- TASK TO COMPLETE:
Return the lines beginning at the one that contains "India achieved independence" and running to the end of the records, exactly and with nothing else. Omit pictures.

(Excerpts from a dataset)
= Beginning of Section =

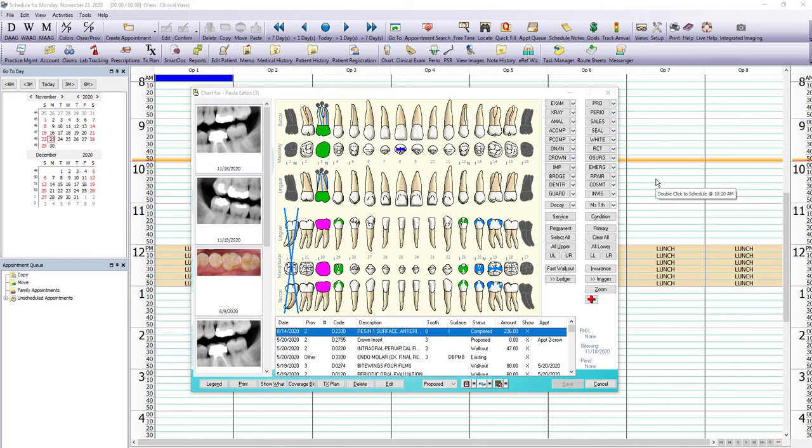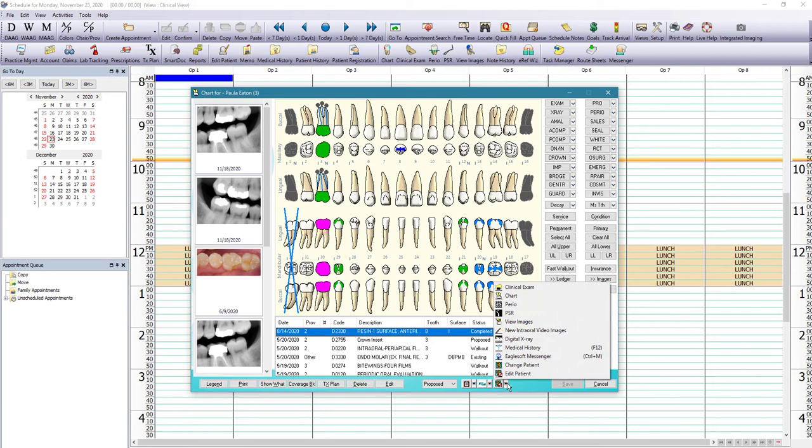So from the chart module, the third button on the bottom right, you can get to view images.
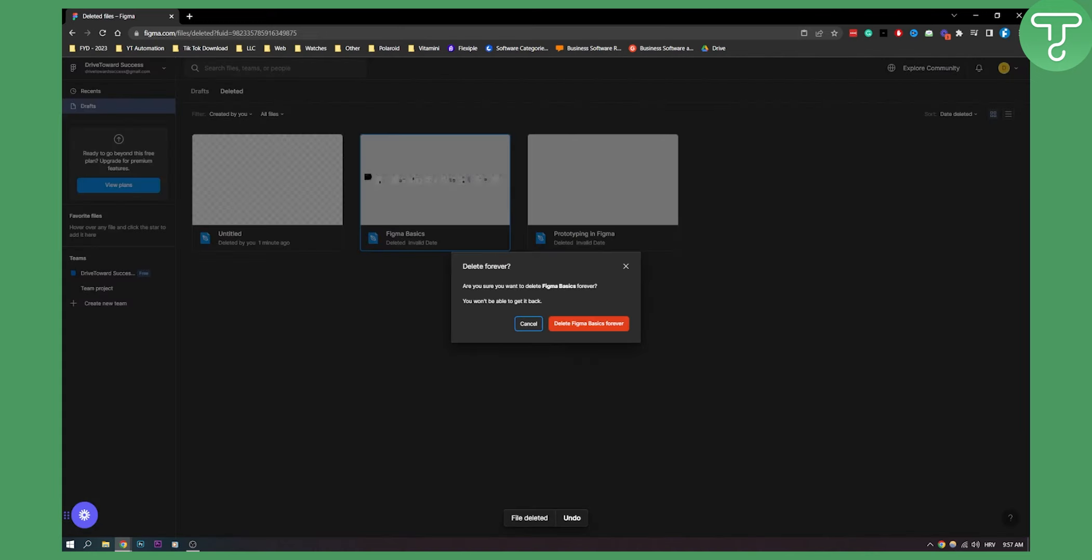Now as you can see, are you sure do you want to delete Figma basics forever? You won't be able to get it back. So make sure to understand that once you delete this forever you won't be able to get this file back in Figma.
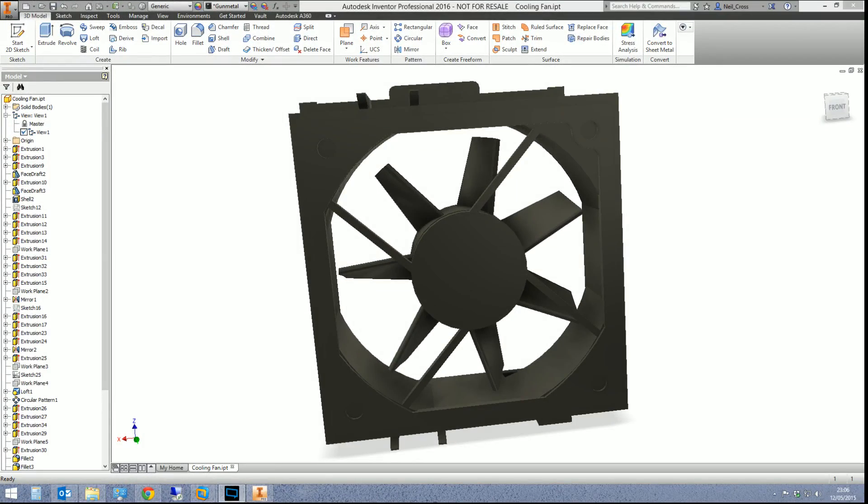Hello and welcome to another Inventor tips and tricks video. This one is all about display quality.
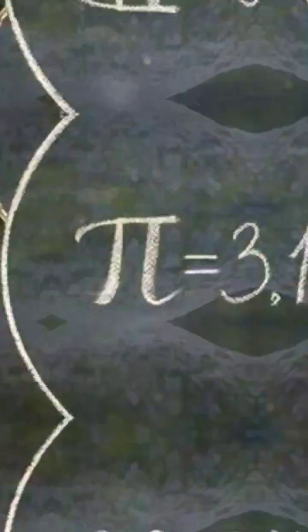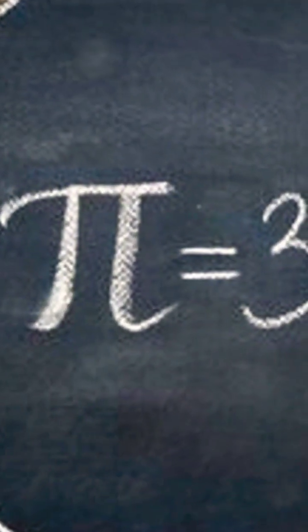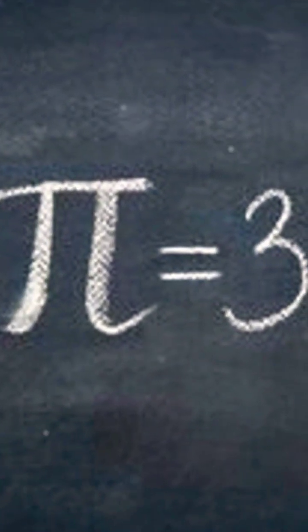Simply put, our understanding of the universe just got a bit sharper. So next time you see Pi, remember, there's a whole quantum world behind those numbers.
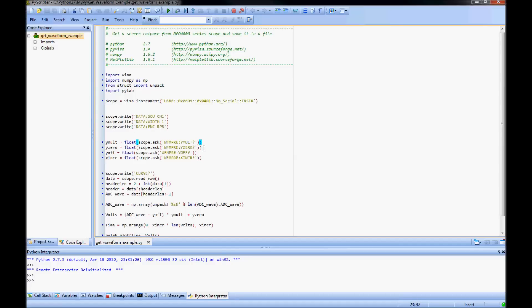In order to convert these levels to volts, I need to get the scaling values. Ymult represents the volts per digitizing level. Y0 is the value of any offset applied to the channel. And yoff is related to the position of the trace on the screen.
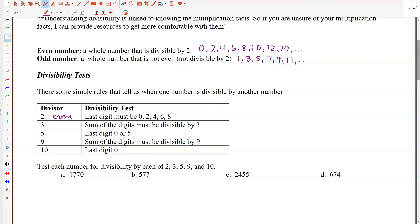If the last digit is one of those, then we know the number will be divisible by 2. A number is also divisible by 5 if the last digit is a 0 or a 5. And if the last digit is specifically a 0, it's also going to be divisible by 10. So all three of those rules involve looking at what's in the last digit.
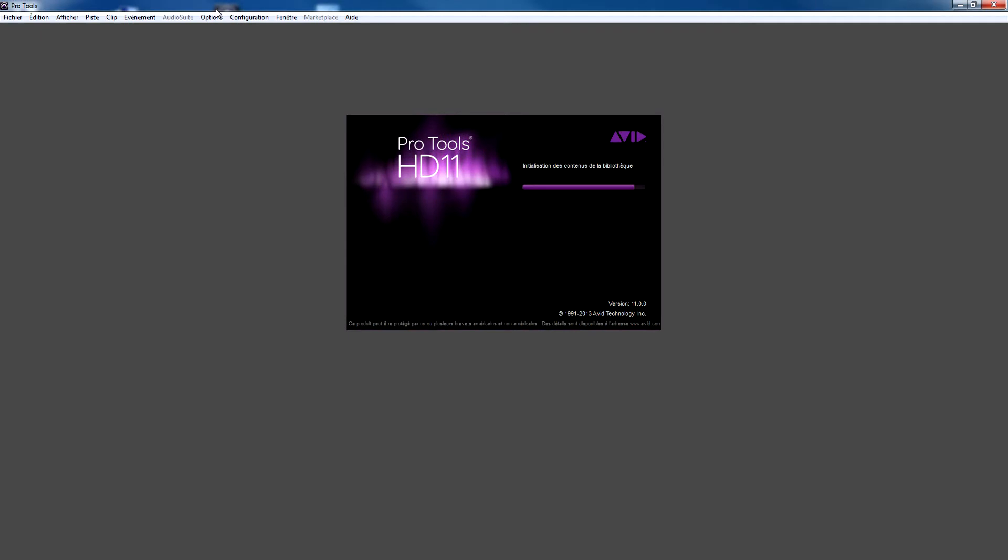Welcome to this video tutorial for Audio Motors. Today we're going to show you how to set up and use Audio Motors for creative engine sound design.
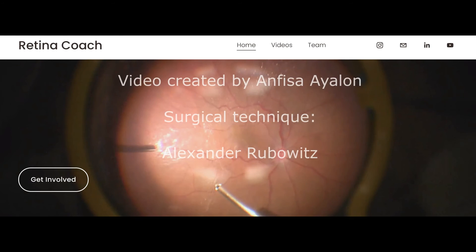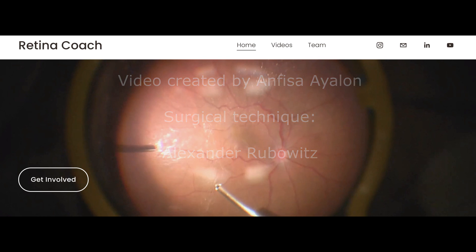We invite you to subscribe to our YouTube channel to stay updated on all our latest videos, and also to visit our retinacoach.net website. Thank you for your attention.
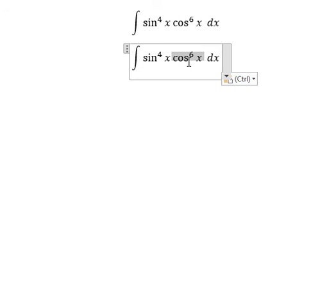Hello everybody. Today I will talk about calculus. The topic today is about integration. I will show you how to integrate cosine x to the power of 6.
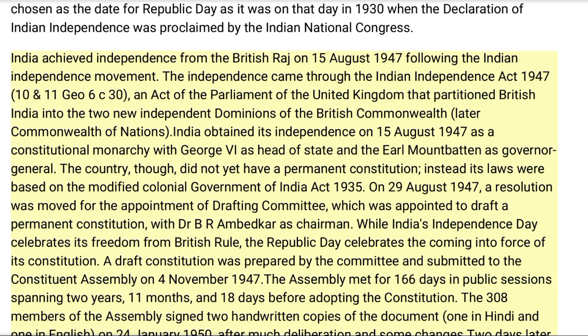India achieved independence from the British Raj on 15 August 1947 following the Indian Independence Movement. The independence came through the Indian Independence Act 1947, an Act of the Parliament of the United Kingdom that partitioned British India into two new independent dominions of the British Commonwealth. India obtained its independence on 15 August 1947 as a constitutional monarchy with George VI as head of state and the Earl Mountbatten as governor-general. The country did not yet have a permanent constitution; instead its laws were based on the modified colonial Government of India Act 1935.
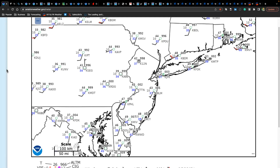Currently this morning, we have scattered cloud cover to clear skies with winds from the west-southwest around 5 to 10 miles per hour, at times gusting up to 20 miles per hour. Temperatures range from the upper 30s to mid-40s over the interior, lower to mid-40s in the suburbs, and upper 40s to lower 50s in urban areas and along the immediate coasts.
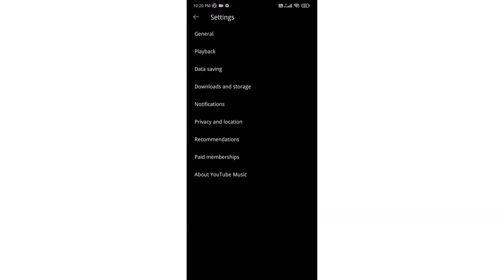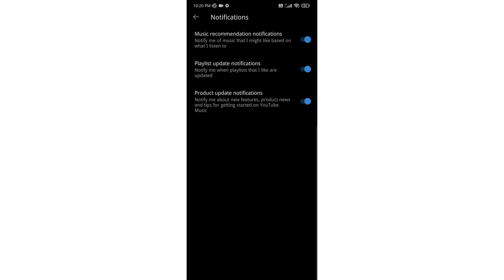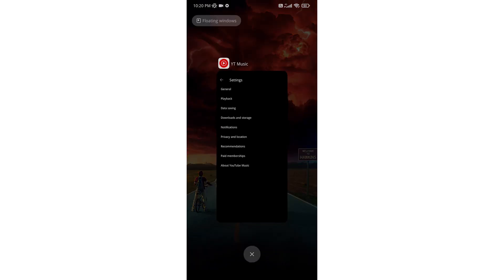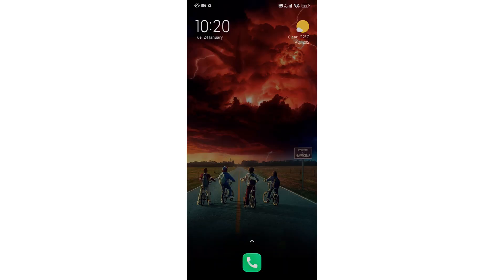Here you will find the option for Notifications — click on that. You can see the first option is music recommendation notifications. You can turn it off, and you will not receive this kind of notification from this application. This is how you can turn off recommendation notifications on YouTube Music. Thank you.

= End of Section =

- EXPECTED ANSWER:
India achieved independence from the British Raj on 15 August 1947 following the Indian Independence Movement. The independence came through the Indian Independence Act 1947, an Act of the Parliament of the United Kingdom that partitioned British India into two new independent dominions of the British Commonwealth. India obtained its independence on 15 August 1947 as a constitutional monarchy with George VI as head of state and the Earl Mountbatten as governor-general. The country did not yet have a permanent constitution; instead its laws were based on the modified colonial Government of India Act 1935.
Currently this morning, we have scattered cloud cover to clear skies with winds from the west-southwest around 5 to 10 miles per hour, at times gusting up to 20 miles per hour. Temperatures range from the upper 30s to mid-40s over the interior, lower to mid-40s in the suburbs, and upper 40s to lower 50s in urban areas and along the immediate coasts.
Here you will find the option for Notifications — click on that. You can see the first option is music recommendation notifications. You can turn it off, and you will not receive this kind of notification from this application. This is how you can turn off recommendation notifications on YouTube Music. Thank you.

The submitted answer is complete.